§ **Work instructions**
Return the data exactly, with all pictures removed.

§ **Data supplied**
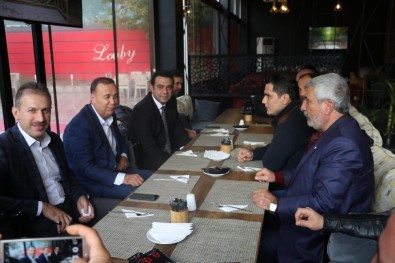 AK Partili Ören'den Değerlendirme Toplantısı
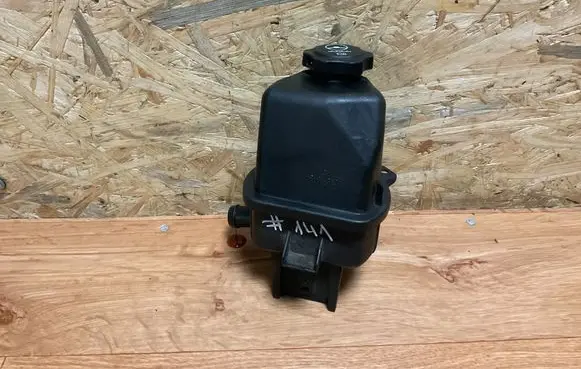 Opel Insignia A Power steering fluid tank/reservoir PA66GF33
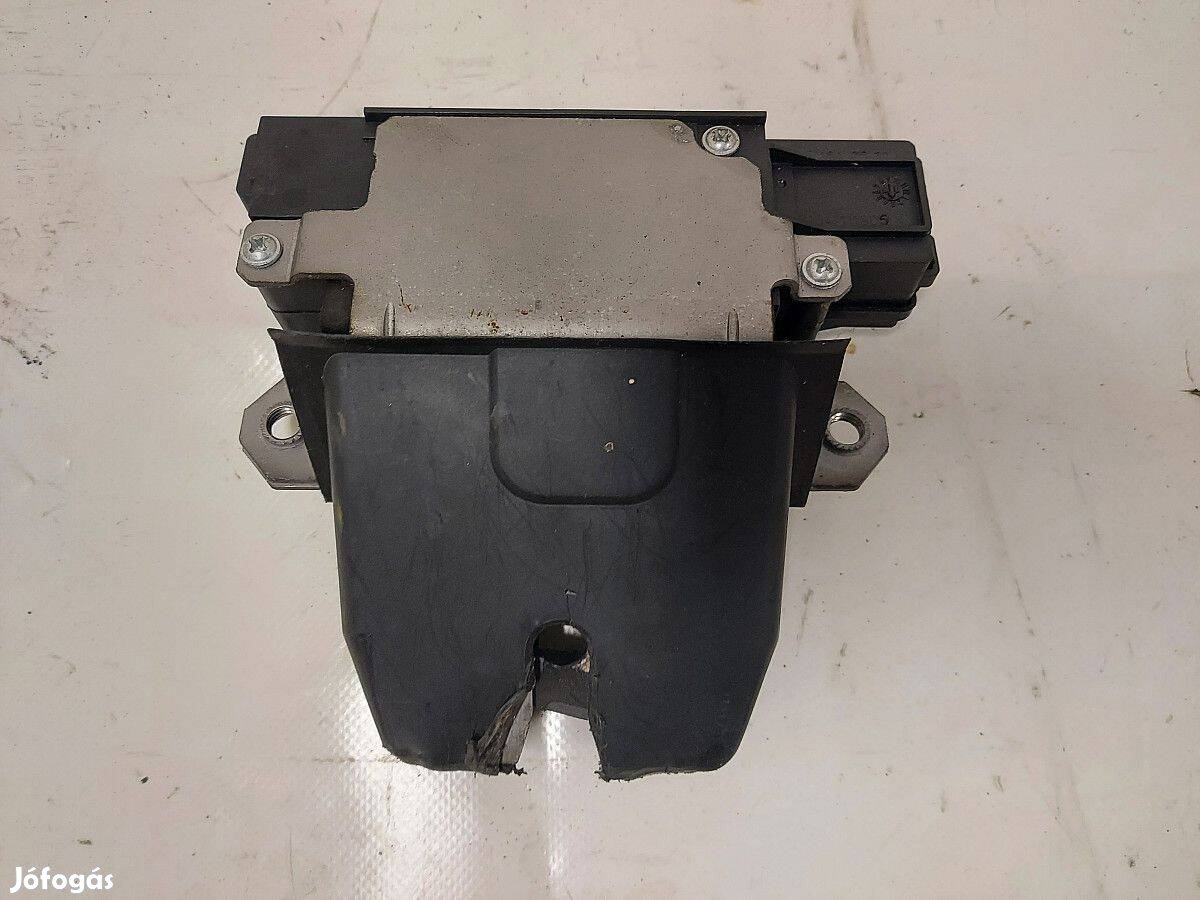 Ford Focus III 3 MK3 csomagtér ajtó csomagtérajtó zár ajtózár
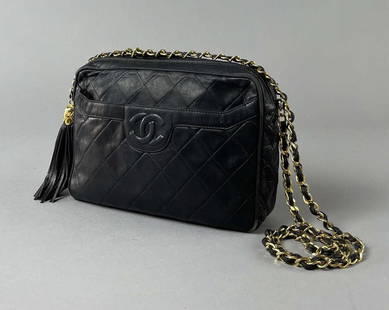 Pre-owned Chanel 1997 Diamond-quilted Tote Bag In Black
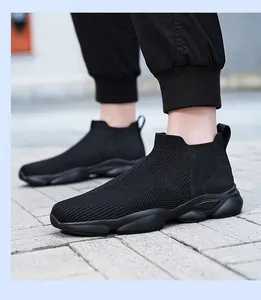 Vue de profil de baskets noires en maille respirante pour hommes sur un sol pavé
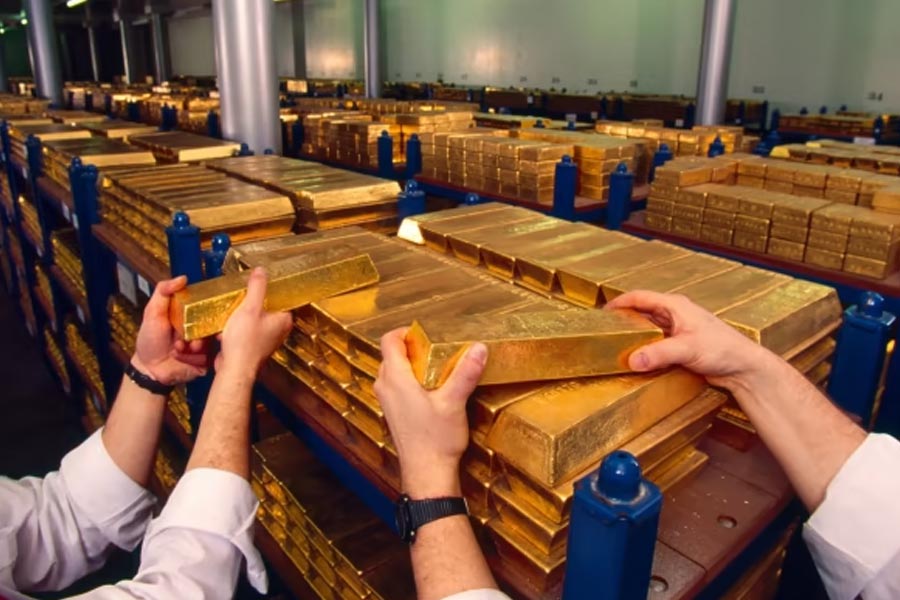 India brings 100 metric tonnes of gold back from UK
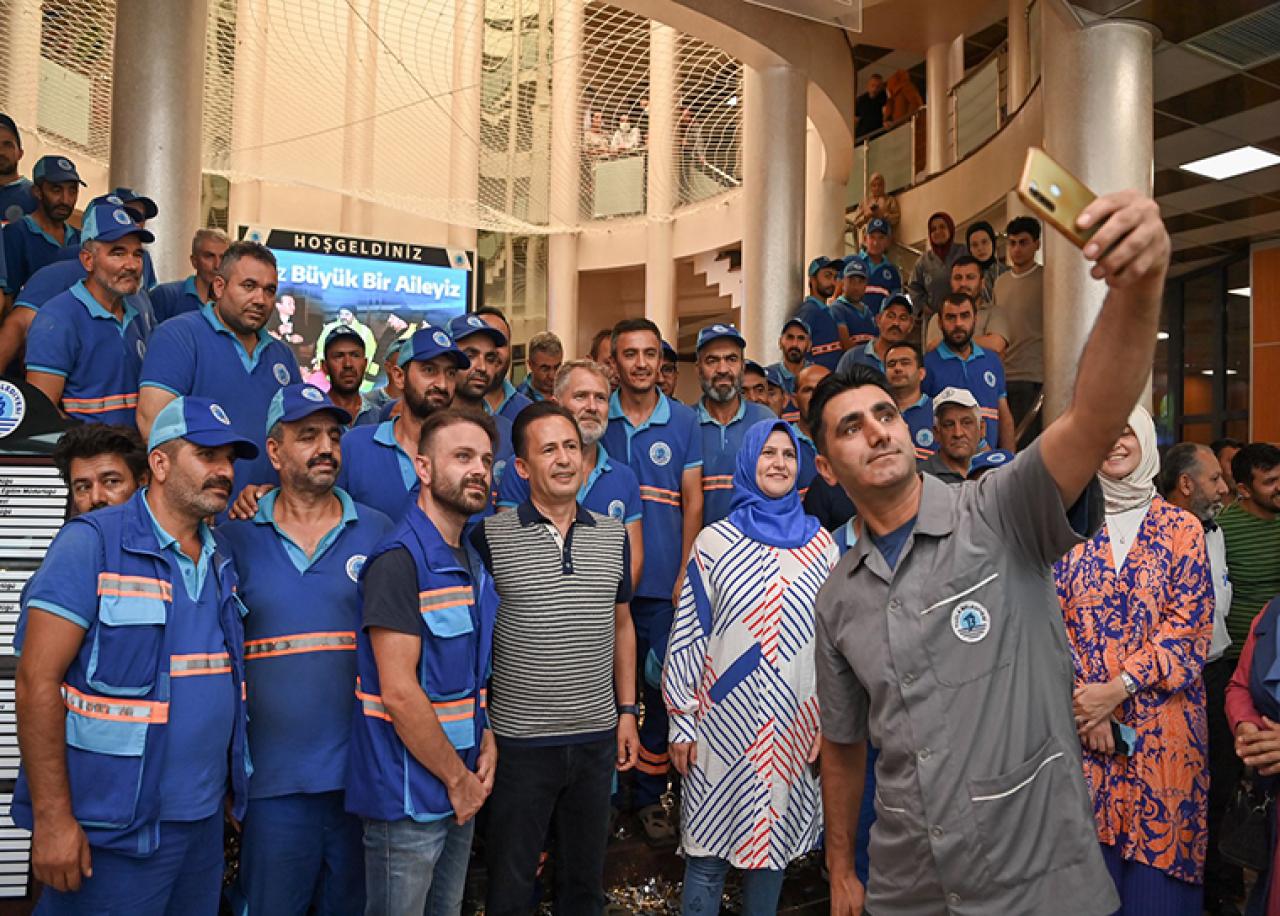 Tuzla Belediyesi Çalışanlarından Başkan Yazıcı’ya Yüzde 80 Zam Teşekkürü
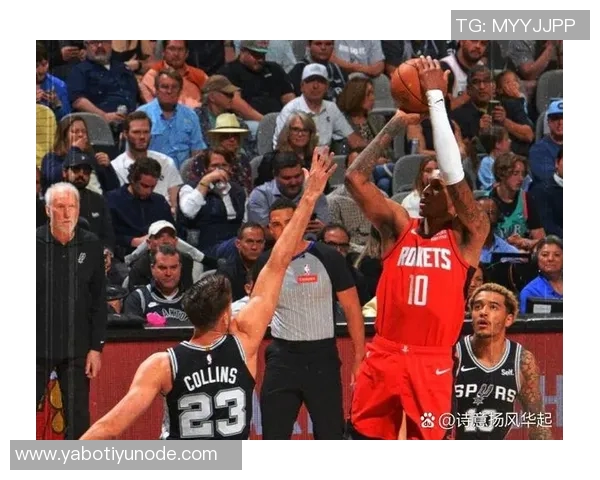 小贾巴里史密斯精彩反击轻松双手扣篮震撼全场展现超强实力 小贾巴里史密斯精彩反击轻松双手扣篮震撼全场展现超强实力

§ **Solution to the problem**
 AK Partili Ören'den Değerlendirme Toplantısı
 Opel Insignia A Power steering fluid tank/reservoir PA66GF33
 Ford Focus III 3 MK3 csomagtér ajtó csomagtérajtó zár ajtózár
 Pre-owned Chanel 1997 Diamond-quilted Tote Bag In Black
 Vue de profil de baskets noires en maille respirante pour hommes sur un sol pavé
 India brings 100 metric tonnes of gold back from UK
 Tuzla Belediyesi Çalışanlarından Başkan Yazıcı’ya Yüzde 80 Zam Teşekkürü
 小贾巴里史密斯精彩反击轻松双手扣篮震撼全场展现超强实力 小贾巴里史密斯精彩反击轻松双手扣篮震撼全场展现超强实力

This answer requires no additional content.